What is an AI agent launchpad, really?
An AI agent launchpad is a one-click website that lets anyone deploy a token pegged to an autonomous software agent. In practice that means a smart contract, a chat or X account that posts on its own, sometimes a wallet that trades on its own, and a tradable ticker that anyone can buy within minutes. The launchpad handles the boring parts: creating the token, seeding initial liquidity, listing it on a DEX, and giving it a page where people can trade.
The reason these platforms exist is that, before they did, launching a token required either Solidity knowledge or a few thousand dollars for a developer. Launchpads collapsed that cost to a wallet signature and a small fee. The trade-off is quality control. When deployment is free and instant, almost every token launched is junk, and the platform's main job becomes separating the tiny minority that people actually want from the giant pile that they do not.
The three platforms in this comparison solve that separation problem differently. PUMP.fun pioneered the bonding-curve model on Solana, where every token starts with a fixed liquidity curve and only graduates to a real DEX pool once enough buyers show up. Virtuals extended the same idea to Base and tied every token to an AI agent personality. Clanker, also on Base, took the bonding-curve mechanic and stripped it back to a minimal, creator-friendly form. Same rough idea, very different economies, and three different tokens sitting on top.

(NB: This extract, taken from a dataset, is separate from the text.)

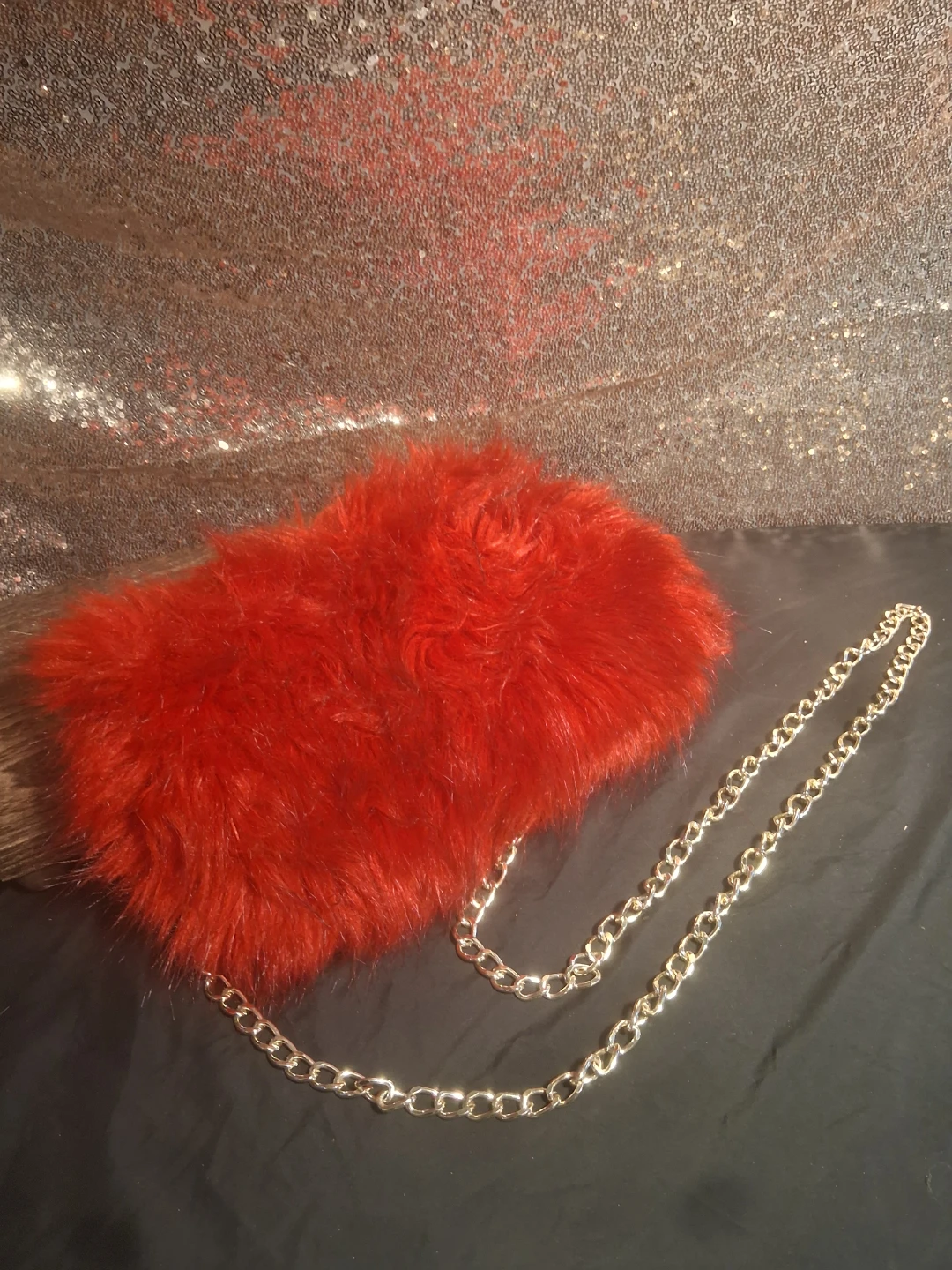 Red Faux Fur Clutch Purse with Gold Chain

The risks before the rewards
Before talking about which token 'wins,' it is worth being honest about what tends to happen on these platforms. Most tokens die. Independent trackers and Dune dashboards covering PUMP.fun have repeatedly shown that well over 90 percent of graduating tokens fall below their initial market cap within days of graduation, and the non-graduating majority simply go to zero on the curve itself. Virtuals and Clanker show similar shapes on smaller sample sizes.
Rug pulls are not rare edge cases; they are the dominant outcome for any token whose team can drain liquidity. On PUMP.fun, the bonding curve technically protects against a classic liquidity rug because the liquidity lives in the contract, not in a team wallet, but creators still walk away with the creator fee stream and any tokens they pre-mint for themselves. On Virtuals and Clanker, rug patterns range from agent accounts going silent after launch to creator wallets dumping the moment price spikes. There is no insurance, no refund, and no recourse on any of the three platforms.

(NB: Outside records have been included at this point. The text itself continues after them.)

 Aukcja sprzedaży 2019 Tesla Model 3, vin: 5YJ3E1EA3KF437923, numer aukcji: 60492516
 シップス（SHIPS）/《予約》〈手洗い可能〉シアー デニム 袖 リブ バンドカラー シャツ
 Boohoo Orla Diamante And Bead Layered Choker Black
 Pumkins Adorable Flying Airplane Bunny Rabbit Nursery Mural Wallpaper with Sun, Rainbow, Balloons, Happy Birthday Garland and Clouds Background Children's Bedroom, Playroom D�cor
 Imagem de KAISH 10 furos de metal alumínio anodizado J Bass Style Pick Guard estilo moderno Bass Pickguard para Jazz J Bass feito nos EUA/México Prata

Then there is the platform-token risk. VIRTUAL, PUMP, and CLANKER each sit above their own economies, which means a slow month for the launchpad translates directly into a slow month for the platform token. Worse, none of the three has a contract that legally obligates the team to keep distributing fees forever. Code can be upgraded, fee switches can be toggled, and a single governance vote can redirect revenue elsewhere. Buyers of the platform token are trusting an ongoing business decision, not enforcing a property right.

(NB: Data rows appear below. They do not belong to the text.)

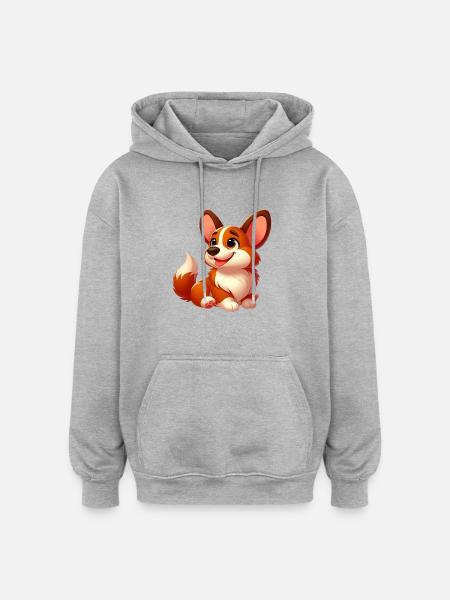 Corgi 4 - Oversized Unisex Hoodie - heather grey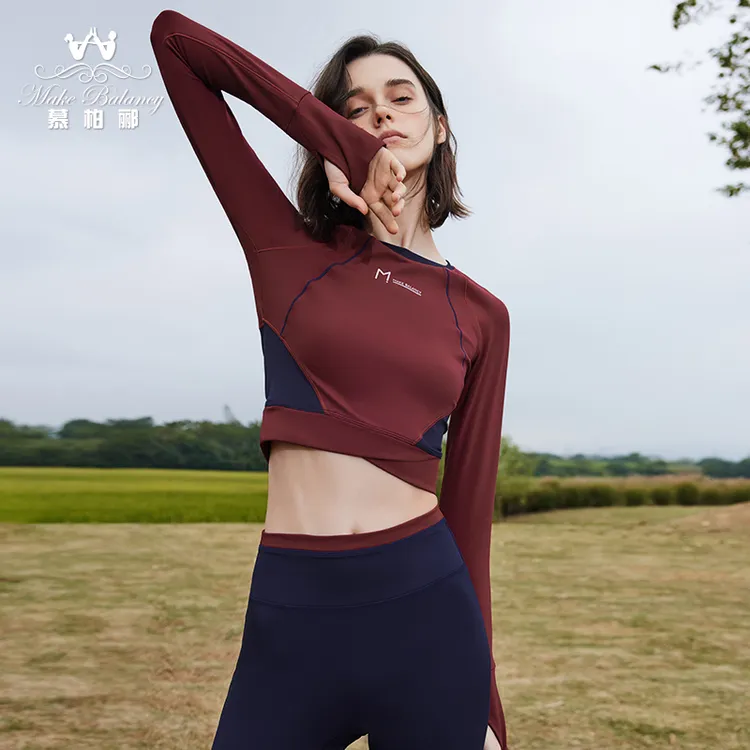 Makebalancy/慕柏郦秋冬柔软高弹运动套装简约舒适瑜伽1651＋2229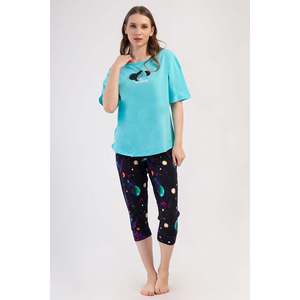 Conjunto de pantalón capri y top KADIN LYC SUPREM XXL con cuello redondo, hombros descubiertos, manga corta, cintura ovalada y puños - Verde menta brillante - Verde menta brillante - Product Image 1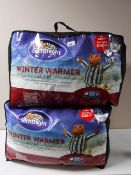 Three Silentnight Winter Warmer quilts in carry bags (one king size,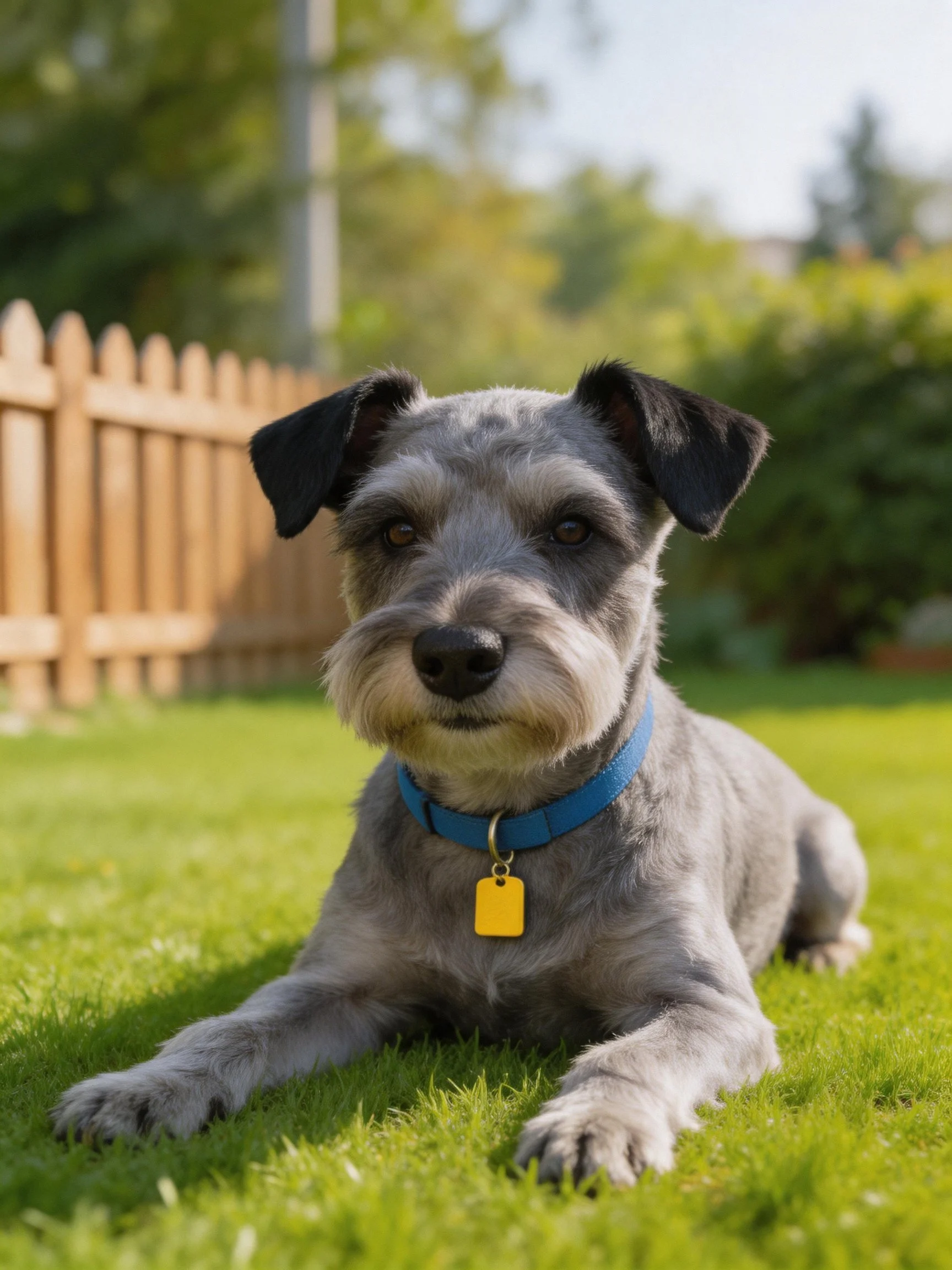 A gray dog lies calmly on grass in a sunny backyard.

PUMP.fun: bonding-curve pioneer, token still mostly a promise
PUMP.fun launched on Solana in early 2024 and essentially defined the modern bonding-curve launchpad. The mechanics are simple. Every token starts on a curve inside the PUMP.fun contract. Buyers put in SOL, get the token, and the price walks up the curve. When the curve fills to roughly 69,000 dollars of liquidity, the token 'graduates,' PUMP.fun deposits that liquidity into Raydium, and a chunk of the token supply is burned so the graduated pool is no longer controlled by the curve.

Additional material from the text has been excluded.